Comments (30)
Some questions that might help:
- Which version of UrbanSim are you using?
- Can you be more specific than "few months"?
- Is the memory usage during estimation extravagant or does it seem usual?
I honestly have no good ideas here because in theory there have been no changes to the way LCM estimation works. I really need to know which step(s) of the process is taking all the time, preferably with a profile dump.
from bayarea_urbansim.
I'd also want to know if it's actually sampling alternatives correctly, and the memory use could be a clue to that. It might be worth a test with a really simple model, with only a few alternatives, with only a few "choosers."
from bayarea_urbansim.
I wonder if the problem is the estimation sample size of 15000. The estimation_sample_size
parameter is used to control how many choosers are used during estimation. So estimation is trying to be done with 15000 choosers x 100 alts per chooser. That might slow things down. But I think that's how it has always been done?
from bayarea_urbansim.
Yeah I noticed that and tried it with more like 1500 and it was still slow.
from bayarea_urbansim.
Fletcher, did you notice this also? Do you or Sam have any idea what
change might have triggered it or how long ago this started?
Paul
On Fri, Aug 7, 2015 at 12:08 PM, Fletcher Foti [email protected]
wrote:
I'd also want to know if it's actually sampling alternatives correctly,
and the memory use could be a clue to that. It might be worth a test with a
really simple model, with only a few alternatives, with only a few
"choosers."—
Reply to this email directly or view it on GitHub
#65 (comment)
.
from bayarea_urbansim.
Usually something more like 100 would be used. Results don't change very
much with larger sample sizes.
On Fri, Aug 7, 2015 at 12:48 PM, Fletcher Foti [email protected]
wrote:
Yeah I noticed that and tried it with more like 1500 and it was still slow.
—
Reply to this email directly or view it on GitHub
#65 (comment)
.
from bayarea_urbansim.
I haven't estimated the HLCM in a while, but I tried it out and and it never finished estimating, so there seems to be a problem. Matt changed a few things in the HLCM a few months ago which is the only thing I can think of.
from bayarea_urbansim.
This 15,000 or 1,500 is the sample size of choosers not the sample size of alternatives. Right now the choosers are the actual households in the synthesized population so need to be sampled.
from bayarea_urbansim.
Thanks for looking into this. The codebase is the current synthicity bayarea_urbansim master. The timeframe would be since the last time the "hlcm_estimate" model was run in the copy of Estimation.ipynb that's in the repo. That actually looks like October 2014 -- the notebook file was changed in March 2015, but that cell wasn't updated.
from bayarea_urbansim.
I ran a test in sanfran_urbansim so I could profile the hlcm estimation. It has slowed down too, though it completes in 4-5 minutes with 3000 choosers x 4 segments. There the slowness is in the sampling of alternatives in mnl_interaction_dataset
(see this changeset: UDST/urbansim@d17a5ce). np.random.choice
is slow and calling it many times adds up. I don't know if that's the exact same thing causing bayarea_urbansim to be so slow, but it's definitely contributing. (It'll be called (estimation_sample_size * number of segments) times at 0.02218 seconds per call on my laptop.)

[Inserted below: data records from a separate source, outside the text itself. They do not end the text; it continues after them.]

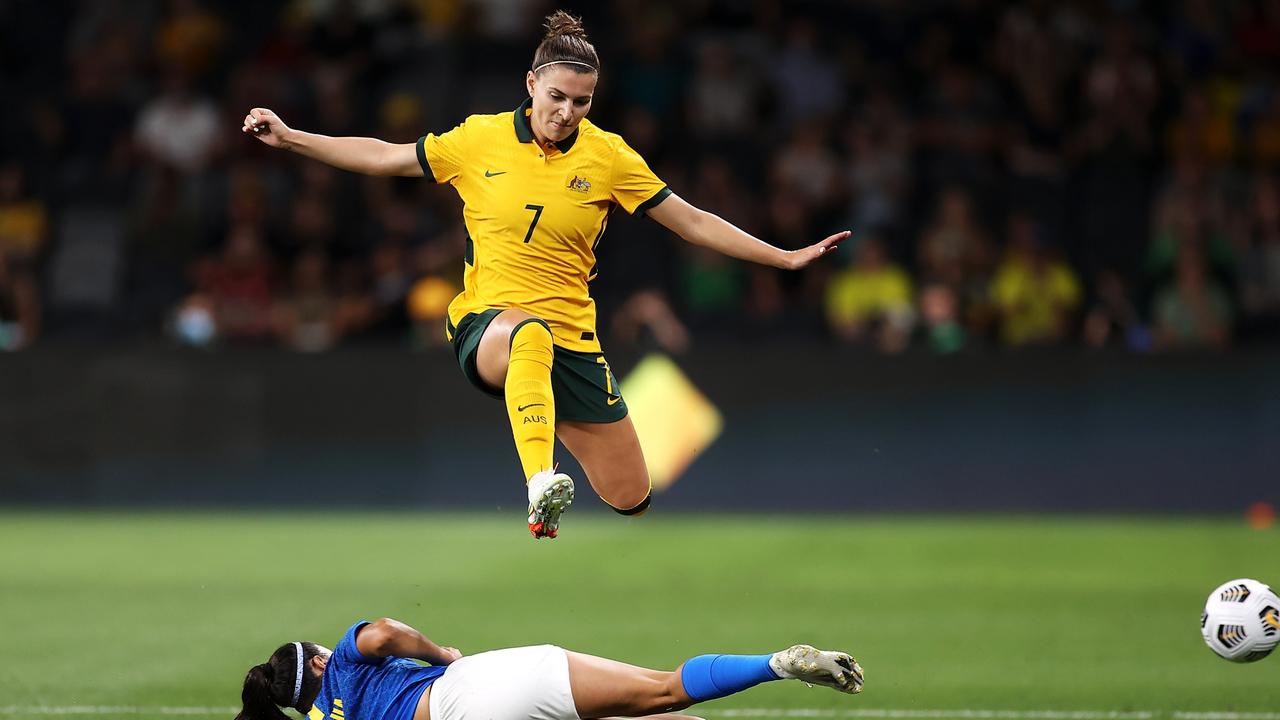 Steph Catley of the Matlidas is tackled in the match against Brazil.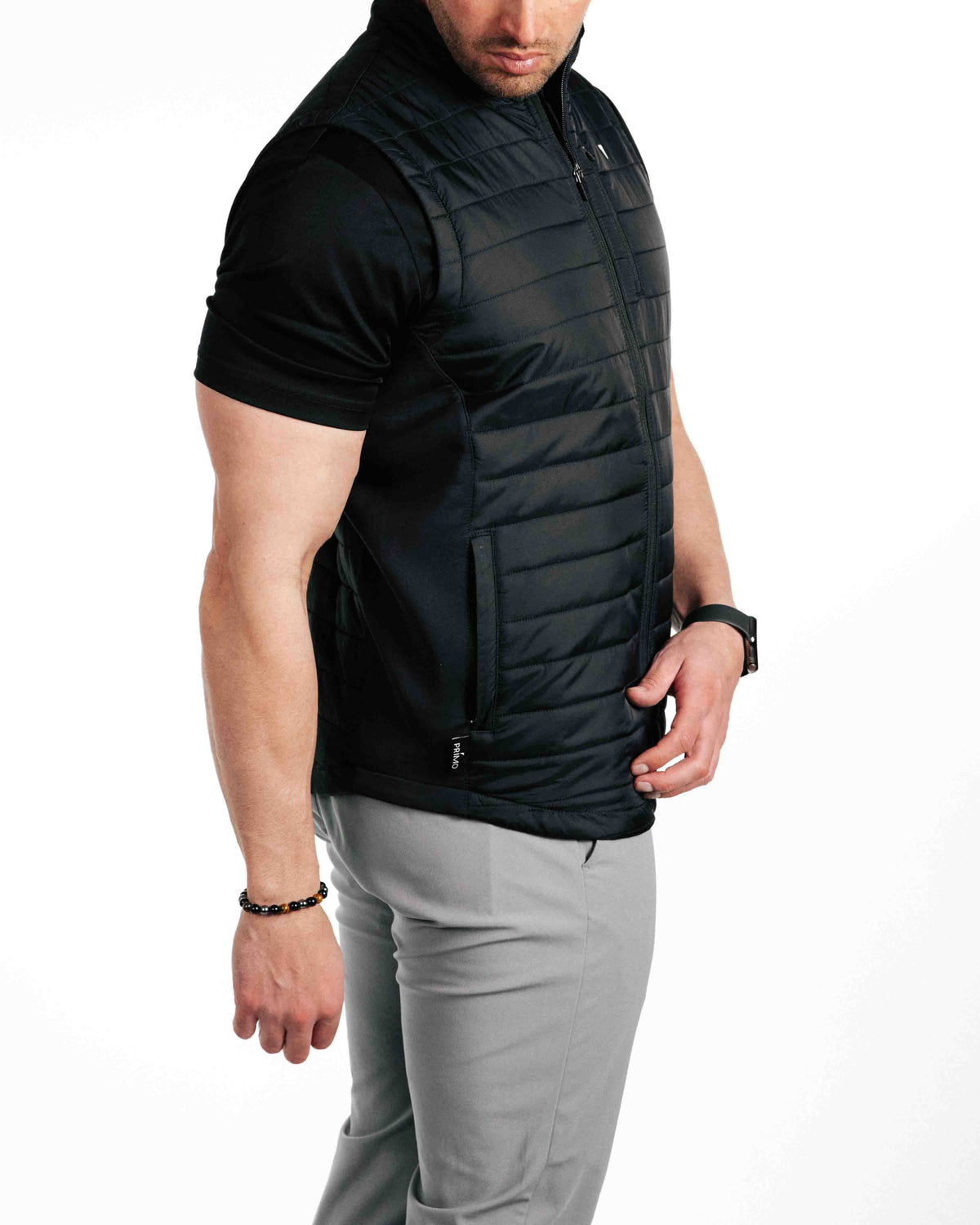 The Primo Golf Black Vest side panel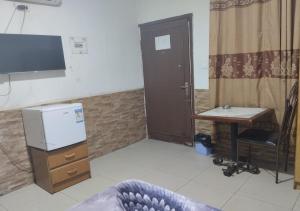 a room with a desk and a television and a table at Amman Palace Hotel in Amman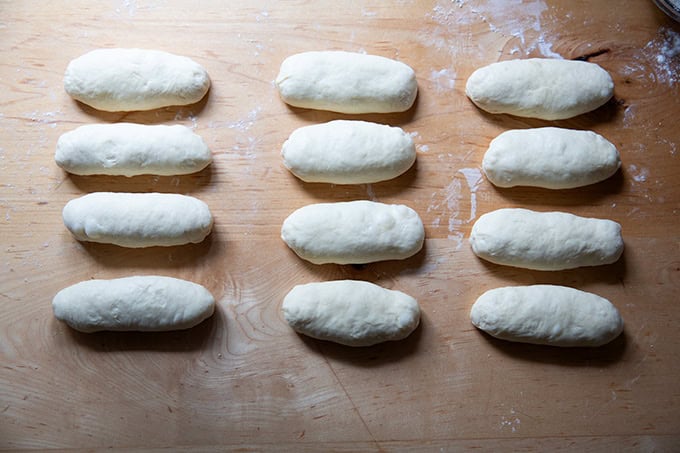 Twelve 4 inch oval rounds of dough resting on a countertop.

But if that's the only problem I'd expect it to have finished in a few minutes when @fscottfoti tried setting estimation_sample_size
to 1500 and in around 30 minutes with 15000.
from bayarea_urbansim.
It's possible I didn't wait long enough - I probably stopped at about 3 minutes. We should probably provide feedback to the user, like printing the log liklihood at each iteration or something. And if the sampling takes a long time, maybe some feedback during that as well.
from bayarea_urbansim.
But this same estimation used to take far less time to converge, right? If
it is now taking 3 hours to estimate a reasonable sized model, no-one will
use it to experiment, and that leads to poorly specified models. Hopefully
we can track down the origin of the slowdown and get back to fast
performance for this.
On Fri, Aug 7, 2015 at 5:31 PM, Fletcher Foti [email protected]
wrote:
It's possible I didn't wait long enough - I probably stopped at about 3
minutes. We should probably provide feedback to the user, like printing the
log liklihood at each iteration or something. And if the sampling takes a
long time, maybe some feedback during that as well.—
Reply to this email directly or view it on GitHub
#65 (comment)
.
from bayarea_urbansim.
Well I think LCMs were wrong before UDST/urbansim@d17a5ce, but maybe it was acceptably wrong? I will brainstorm ways to make that faster but nothing comes immediately to mind.
from bayarea_urbansim.
Interesting. Yeah, printing some feedback would be a helpful stop-gap.
Last night I left the estimation running -- as it's currently specified in bayarea_urbansim master, with 15,000 choosers and 100 alternatives -- and it finished after about 5 hours. Screenshot attached.
from bayarea_urbansim.
Do we know if this change was what caused estimation times to change a lot?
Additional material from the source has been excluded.